And I get why. It’s perfectly understandable that when we don’t know what we’re doing, we look around us for some answers. And as new parents we really don’t know what we’re doing. We’ve never raised one of these before, so how could we? Reading all the baby books in the world wasn’t going to prepare us for the real thing.
Some things are universal of course. They’re babies, they need diapers, breast milk, and lots of cuddles. To get used to some of the basics, there is value in looking at other parents, other babies, and maybe even some statistics.
But it only goes so far. Because every baby (and adult) is different.
Really different.
Worlds apart
One of the couples we’re close with has a daughter who’s five days older than ours. That’s so close that it seemed like a no-brainer to start comparing these two specimens of ours right away. And we did.
What became apparent quite quickly was that they are incredibly different. Not only when they were just born but also in their development.
My daughter is tall and lean and only recently started to show two tiny teeth. The other girl is short and sturdy, and she’s had a mouthful of sizable teeth for a while now. And those are just some of the physical differences.
Where my daughter is using her fingers a lot and practicing her fine motor skills, is still scooting around the house on her little bum, and is a ferocious ‘reader’ (pointing out the different animals she clearly recognizes when we name them), the other girl is already walking, climbs a lot, but couldn't tell a bear from a butterfly.
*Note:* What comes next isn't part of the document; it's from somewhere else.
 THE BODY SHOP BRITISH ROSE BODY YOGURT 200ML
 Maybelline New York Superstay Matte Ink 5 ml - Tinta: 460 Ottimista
All babies are different. All people are different. We all develop differently. We do things at different speeds and in different orders. And when it comes to learning, sequence matters.
It wouldn’t make sense to try to push my daughter to walk when she’s not ready, just as it would be nonsensical to push the other girl to read and ‘make her remember’ words better. Forcing it would be weird, unproductive and even harmful. For their confidence, for the relationship, and for their sense of self-determination.
When looking at babies, this is all pretty clear. But when we see other adults, we tend to forget that people are (sometimes extremely) different and that they pick up things in different ways and at different times.
Maybe it’s because as adults we’re behaving all ‘adulty’, and we suddenly pretend to have our act together, but remembering this diversity in development would make a huge difference.
Individual traits should guide how people are taught, and how and when they learn what.
How coaching could inform education
To know one’s self is already very difficult, if not impossible. Let alone knowing somebody else. We can pretty much forget it.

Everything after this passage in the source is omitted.